_Supplied material_:
--- START ---

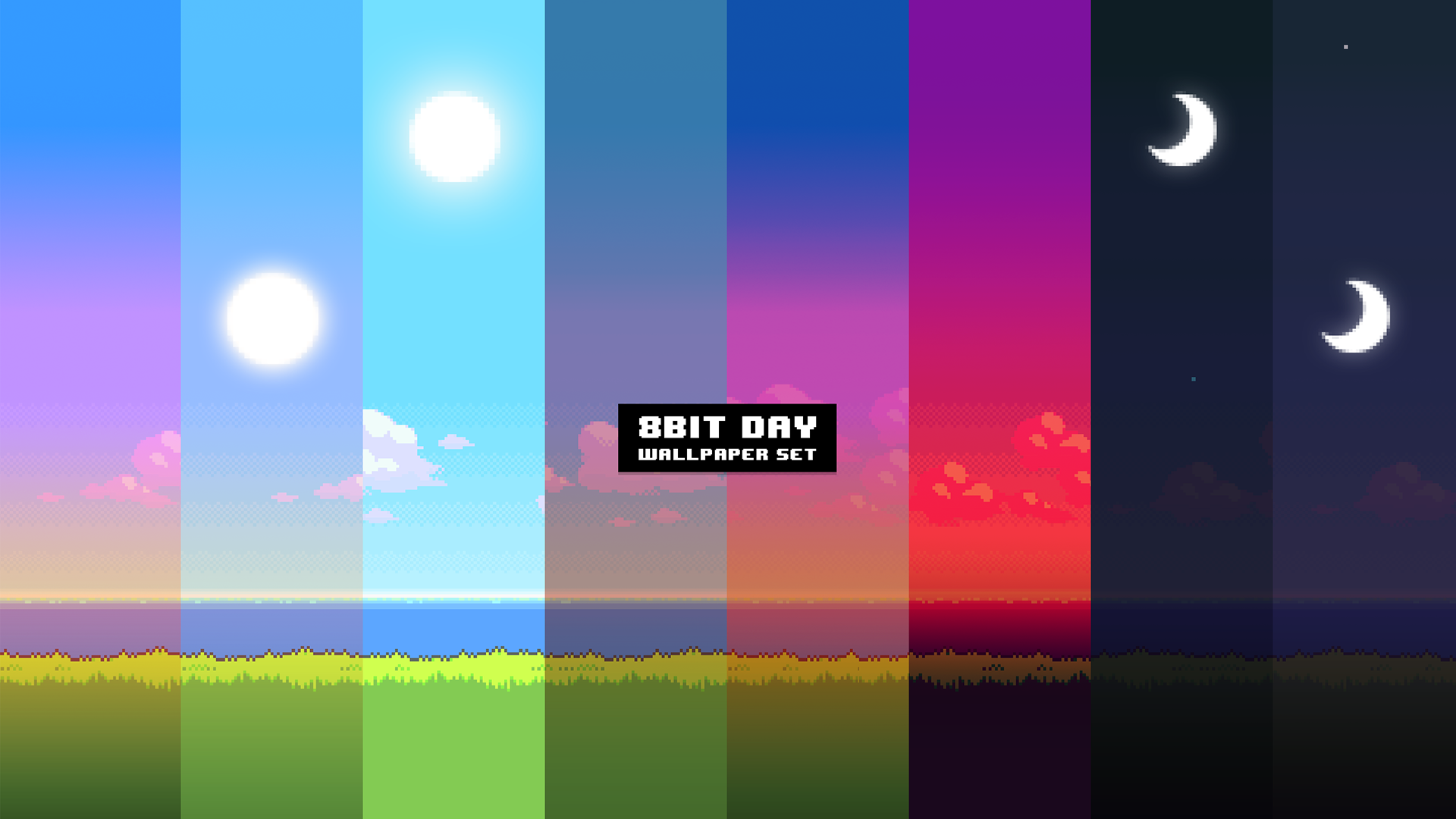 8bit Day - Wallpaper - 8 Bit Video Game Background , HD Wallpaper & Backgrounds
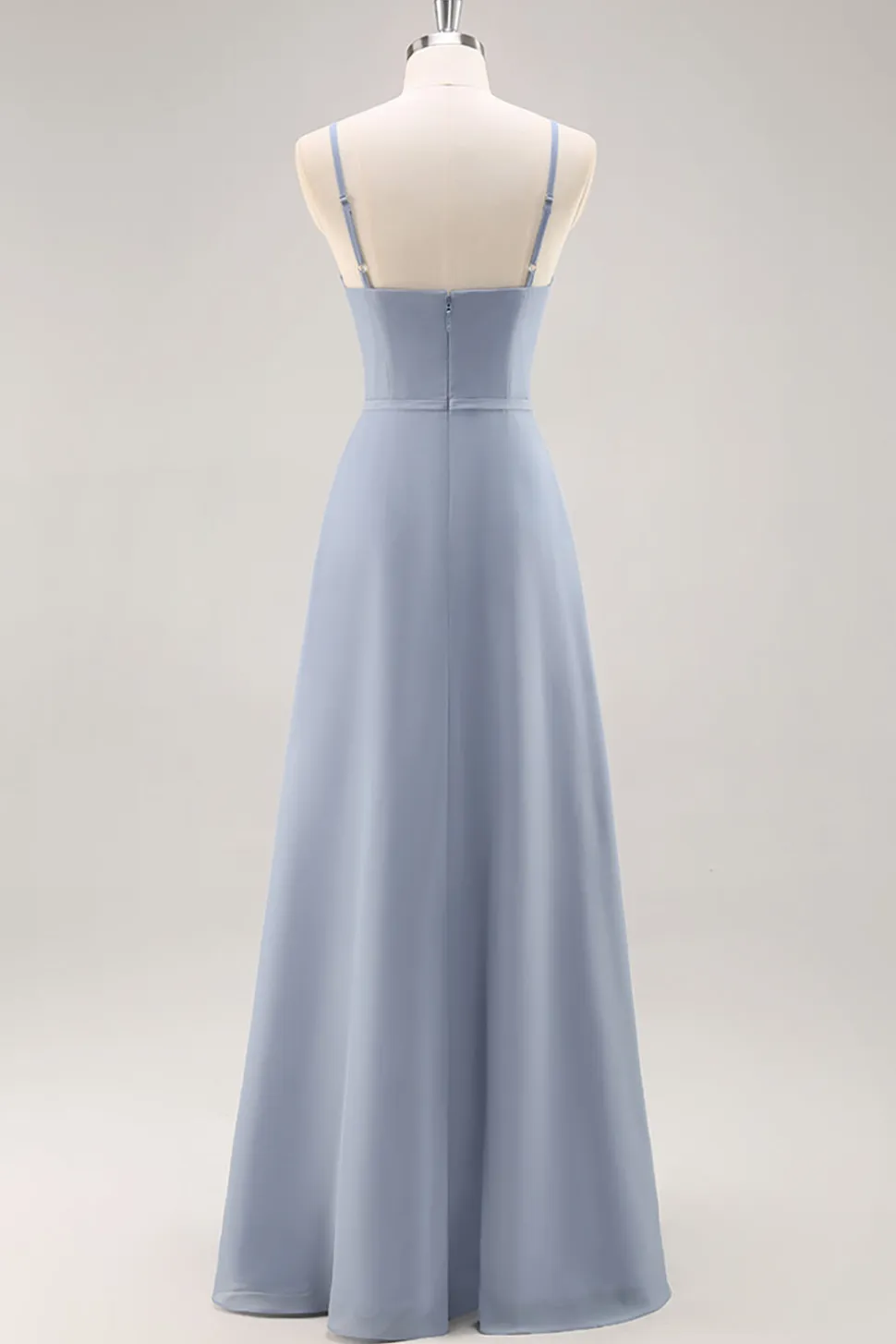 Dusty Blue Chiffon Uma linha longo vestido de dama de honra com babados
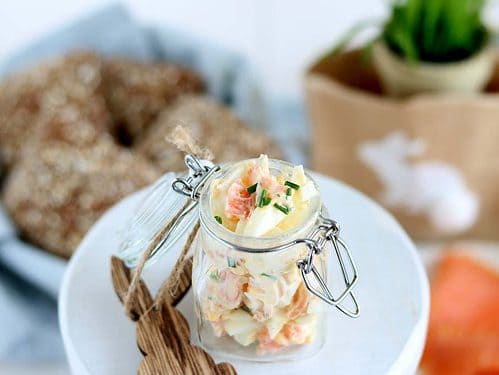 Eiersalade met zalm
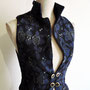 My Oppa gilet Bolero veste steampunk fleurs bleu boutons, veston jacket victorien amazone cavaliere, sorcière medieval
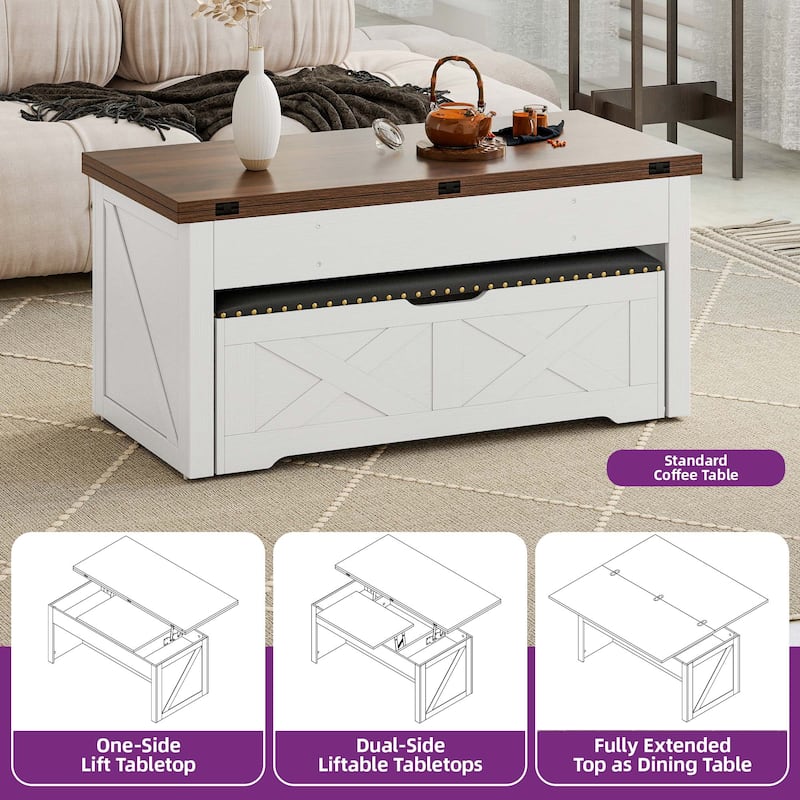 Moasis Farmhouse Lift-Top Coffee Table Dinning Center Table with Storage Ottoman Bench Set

--- END ---
--- START ---

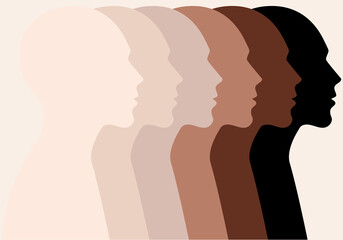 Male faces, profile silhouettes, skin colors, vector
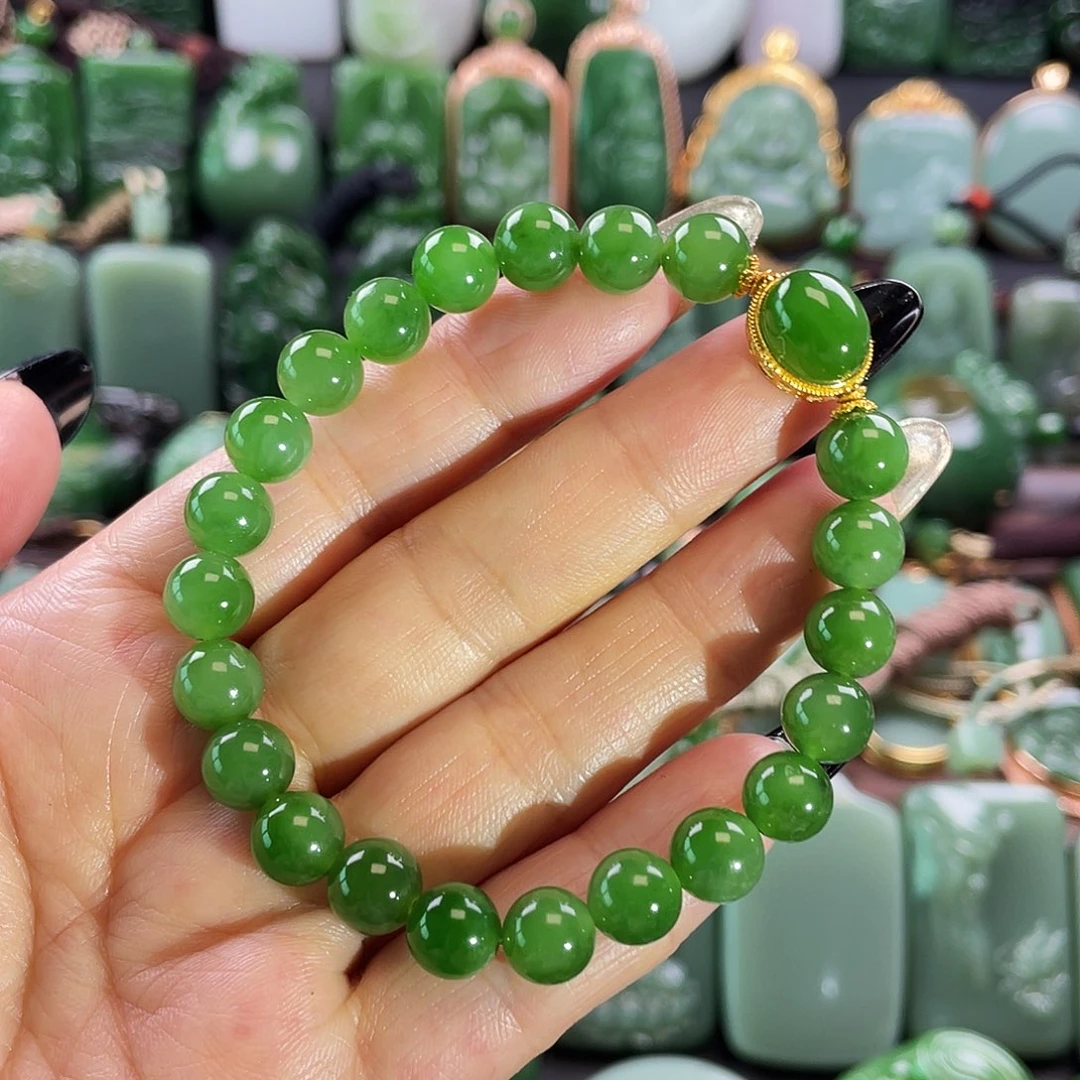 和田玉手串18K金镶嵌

--- END ---

An exact transcription is needed of the lines from the one with "My Oppa gilet" to the one with "Moasis Farmhouse Lift-Top" above, both ends included, with pictures left out.

 My Oppa gilet Bolero veste steampunk fleurs bleu boutons, veston jacket victorien amazone cavaliere, sorcière medieval
 Moasis Farmhouse Lift-Top Coffee Table Dinning Center Table with Storage Ottoman Bench Set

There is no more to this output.